We believe that the entrust agreements signed by the number holder, terminating his
                  parental rights over Sebrena, will not prevent Sebrena from recovering benefits on
                  the number holder’s record. As noted above, adopted children are explicitly included
                  as eligible CIB recipients so long as they meet the other requirements of the statue.
                  Social Security Act § 216(e); 42 U.S.C§ 416(e) (2010). Similarly, under West Virginia
                  law, adopted children generally hold rights of inheritance from their adoptive parents.
                  W. Va. Code § 48-22-703(a) (2010). POMS RS 00203.035 states that entitlement to CIB based on a legal adoption will terminate of if the
                  adoption is annulled, and that the effective date of termination is the month in which
                  the annulment becomes effective. However, POMS GN 00306.001(C)(6) states that when the number holder's parental rights with respect to a child
                  have been terminated, and the child has not been adopted by someone else, the child
                  does not necessarily lose inheritance rights with respect to the number holder under
                  State law.
               
               Under West Virginia law, an order of adoption is a final order than can be appealed
                  to the West Virginia Supreme Court of Appeals. W. Va. Code § 48-22-704(a) (2010).

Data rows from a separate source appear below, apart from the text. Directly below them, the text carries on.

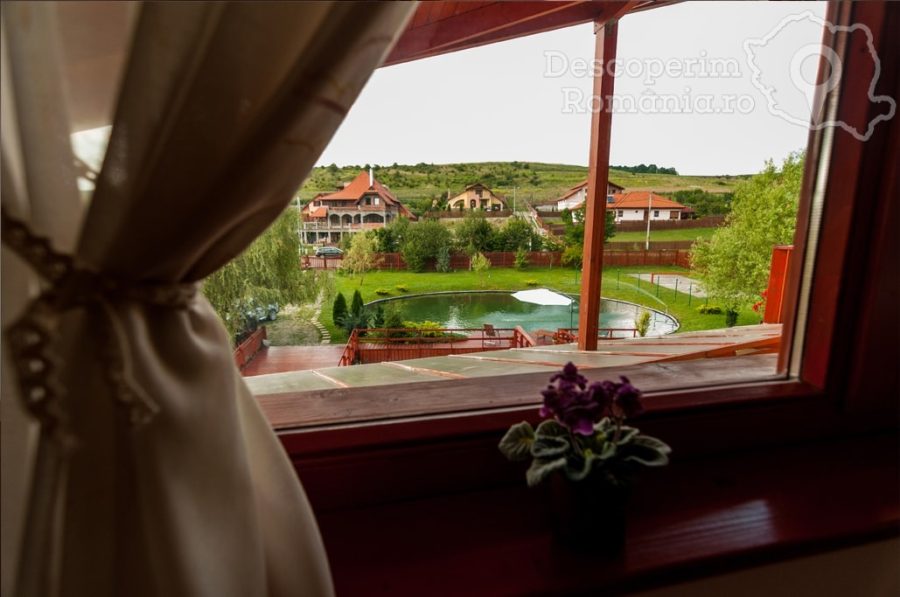Cazare-la-Casa-Agape-din-Corunca-Mures-Tinutul-Secuiesc-10-900x597 Cazare la Casa Agape din Corunca - Mures -  Tinutul Secuiesc (10)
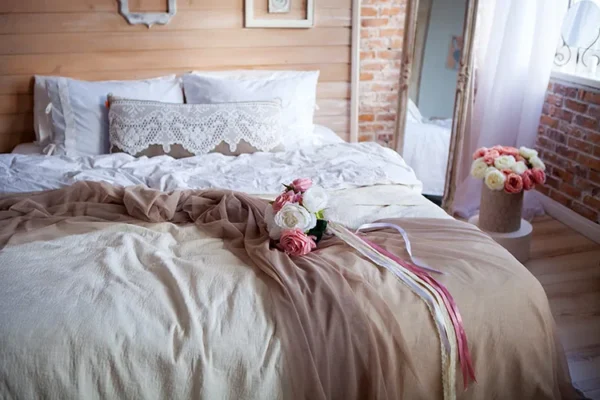 Shabby Chic The Fabrics to Help You Get the Look Addison Drapery Fabrics jpg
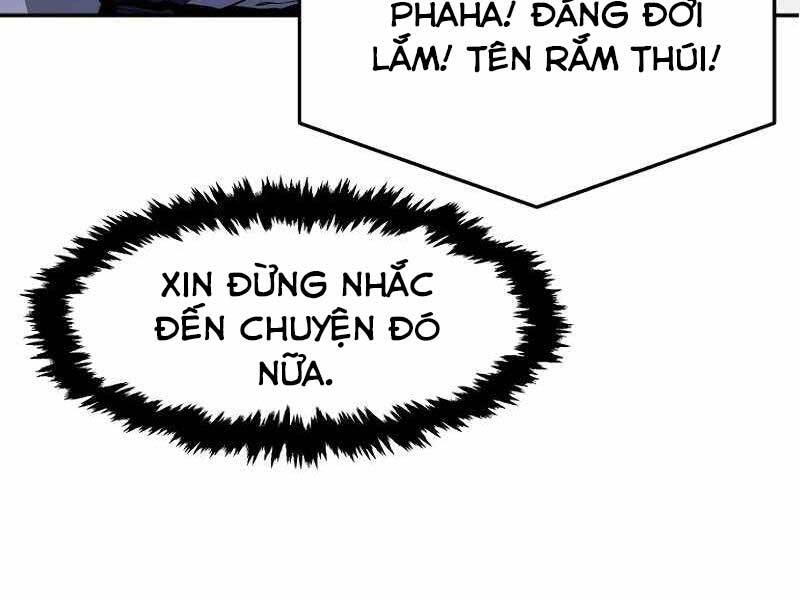 Tuyệt Đối Kiếm Cảm Chapter 8 - Trang 28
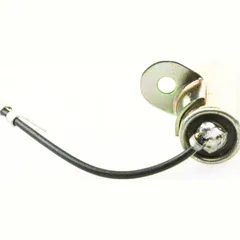 Capacitor 32342-34020 "KOKUSAN"
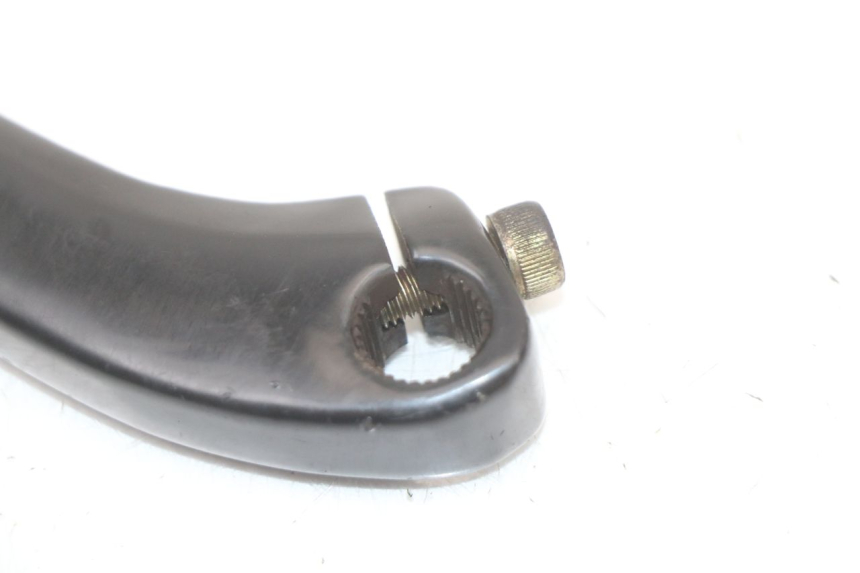 photo de KICK PEUGEOT CITYSTAR 50 (2013 - 2017) - Zoom état d’usage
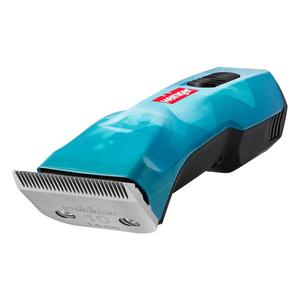 product/h/e/heiniger_154420100_bleu_4.jpg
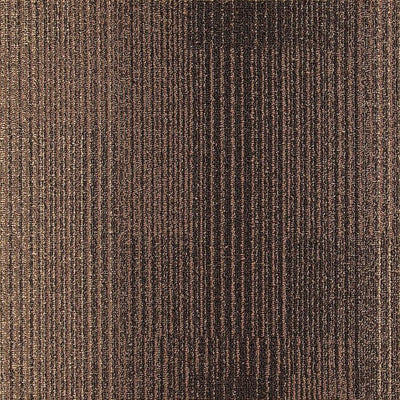 Next Floor Development 811 Chestnut 012 Carpet Tile (Partial Piece - Sample)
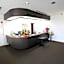 HOTEL LiVEMAX BUDGET Utsunomiya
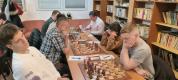 IMG20241226173558                                                                                   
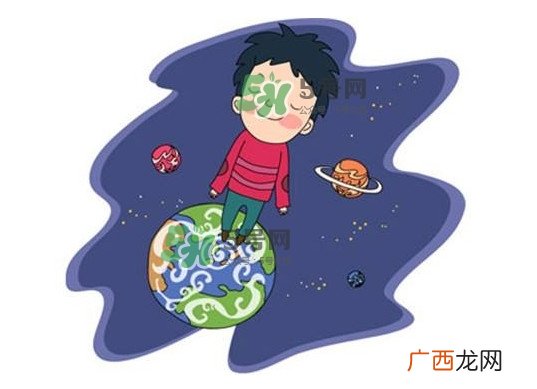 人为什么会做梦？人为什么会说梦话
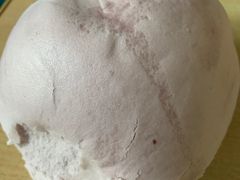 -白玉兰食品(汇联商厦店)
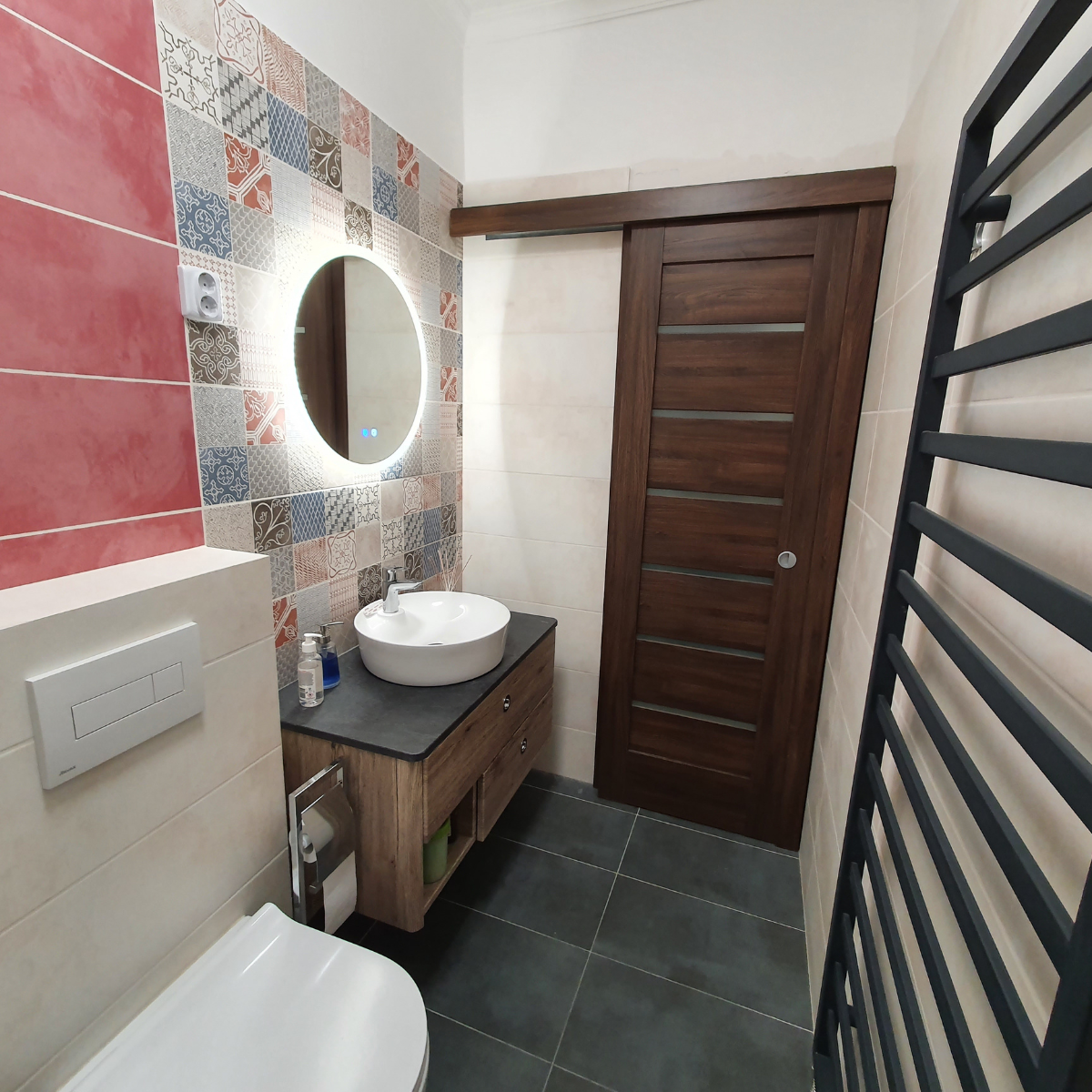 Kokovay Tamás fotója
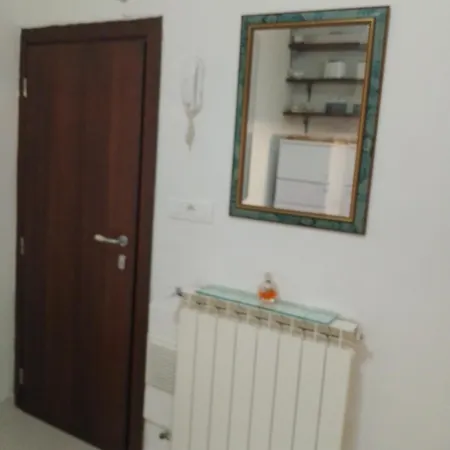 La Casina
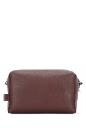 Celine Messenger bag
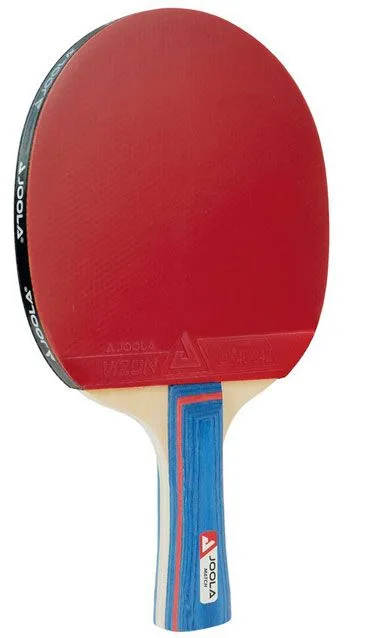 Paleta Joola Match Spartan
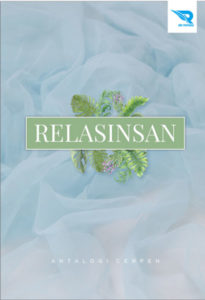 Cover 5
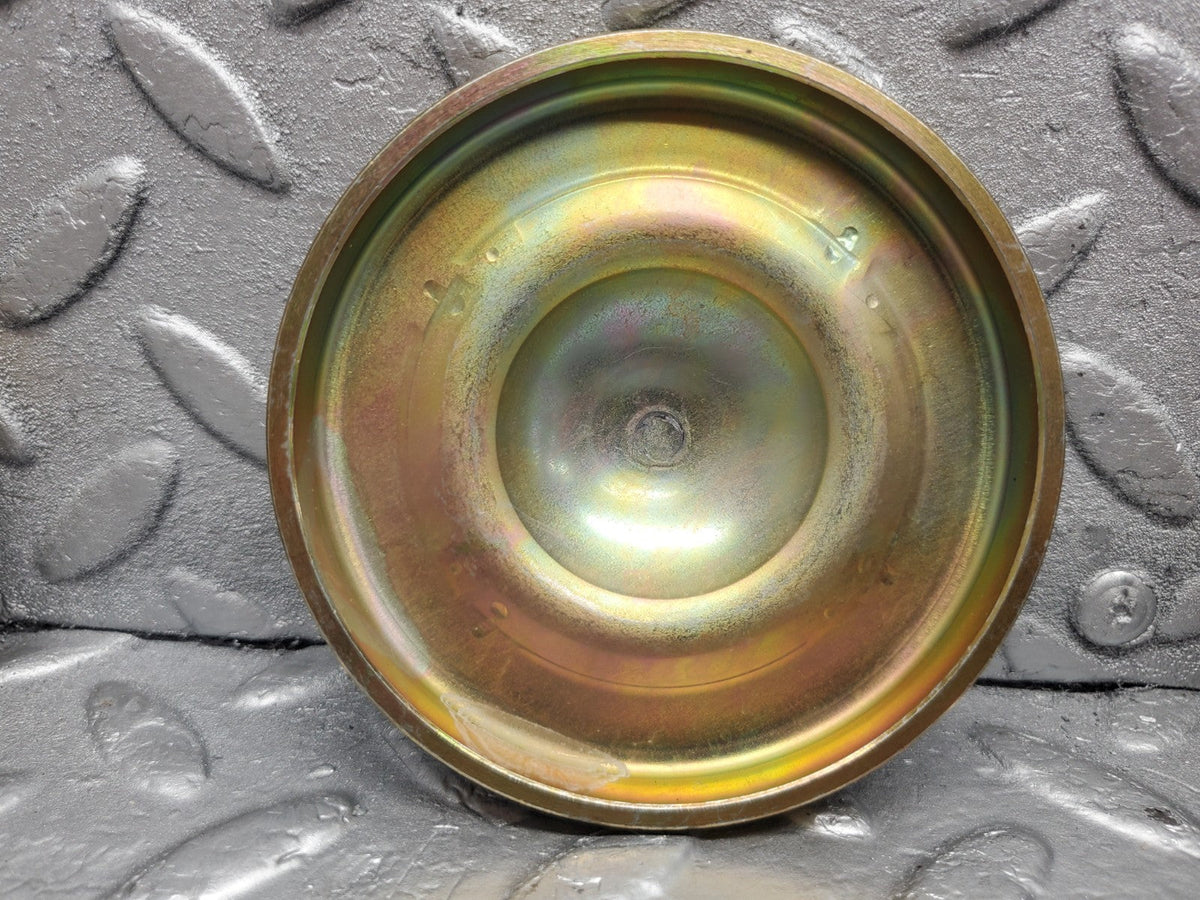 50319 Mercedes-Benz Automatic Gearbox Piston Cover Set 722.002 A1152771677
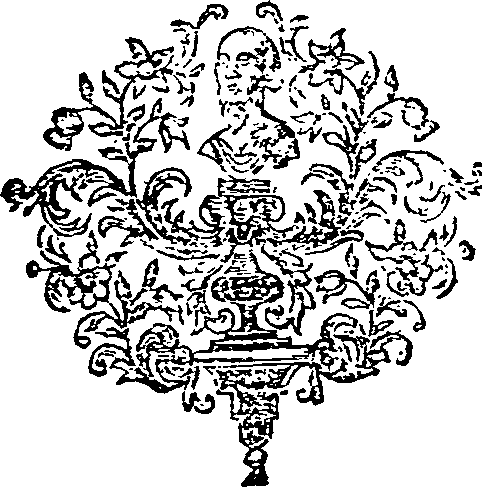 029/029920060002730_0.png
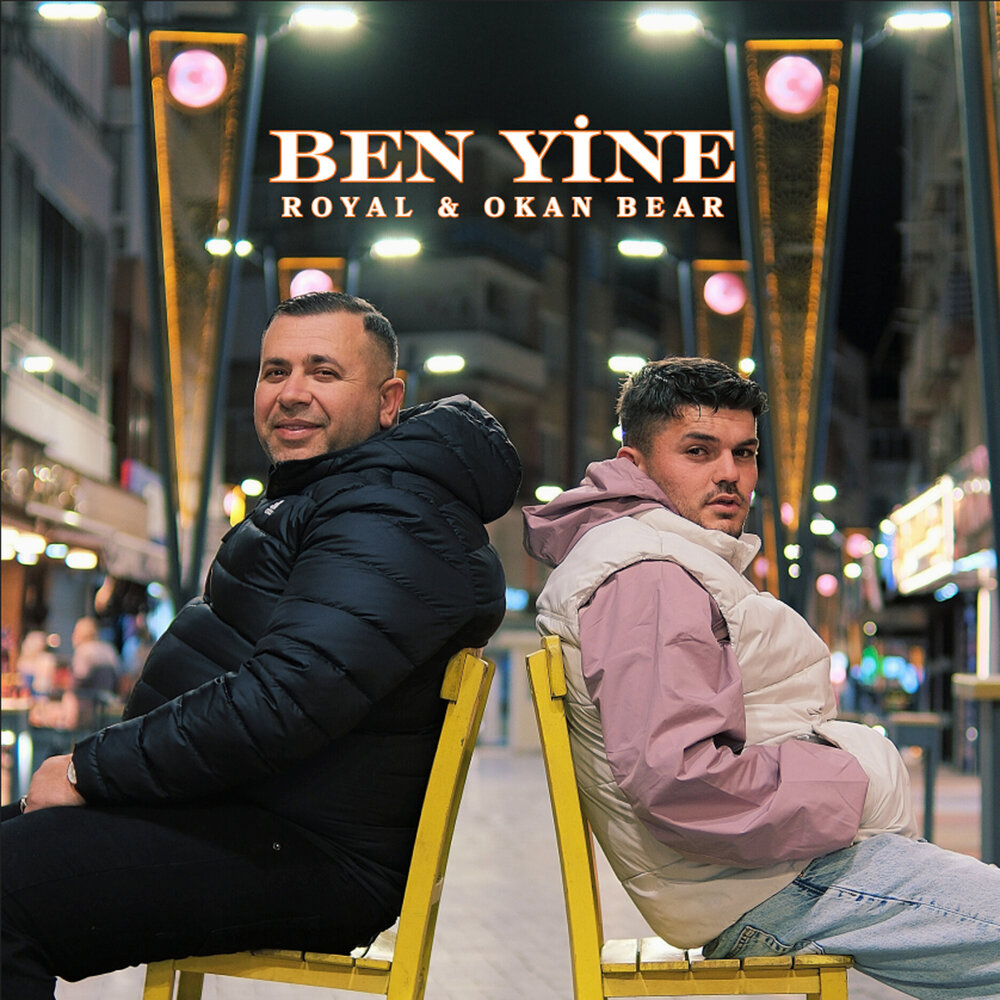 YandexMusic profile picture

                  Unless an appeal is filed within six months of the date of the adoption order, the
                  adoption may not be vacated on any grounds. W. Va. Code § 48-22-704(b) (2010). [2] Based on the information you provided, there is no evidence that Sebrena’s adoption
                  was ever challenged. The subsequent entrustment agreements were not attacks on the
                  validity of the original adoption. Furthermore, as no appeal of the adoption was taken
                  within the six-month appeal period, the initial adoption order became an unappealable
                  final judgment that cannot be vacated. W. Va. Code § 48-22-704(b) (2010). Accordingly,
                  the entrustment agreements do not constitute an “annulment” of Sebrena’s adoption
                  under West Virginia law.
               
               In a similar case, the Agency considered the effect of a second adoption on an adopted
                  child’s continued entitlement to benefits. In that matter, which also arose out of
                  West Virginia, the Agency determined that because the second adoption did not annul
                  the original adoption, the child continued to be entitled to benefits based on his
                  former adoptive parent’s earnings after the second adoption, and specifically noted
                  that under West Virginia law an adoption can be revoked or annulled only on appeal
                  during the statutory six-month period or on the adopted minor’s own petition filed
                  within twelve months of her reaching majority age. See SSR 91-6. Neither of those actions were taken and, accordingly, the child was able
                  to receive benefits from his original adoptive parent even though the subsequent adoption
                  terminated all parental rights of his original adoptive parent. SSR 91-6; W. Va. Code
                  § 48-22-703(a) (2010).
               
               We believe that the entrustment agreements in this case do not constitute an “annulment”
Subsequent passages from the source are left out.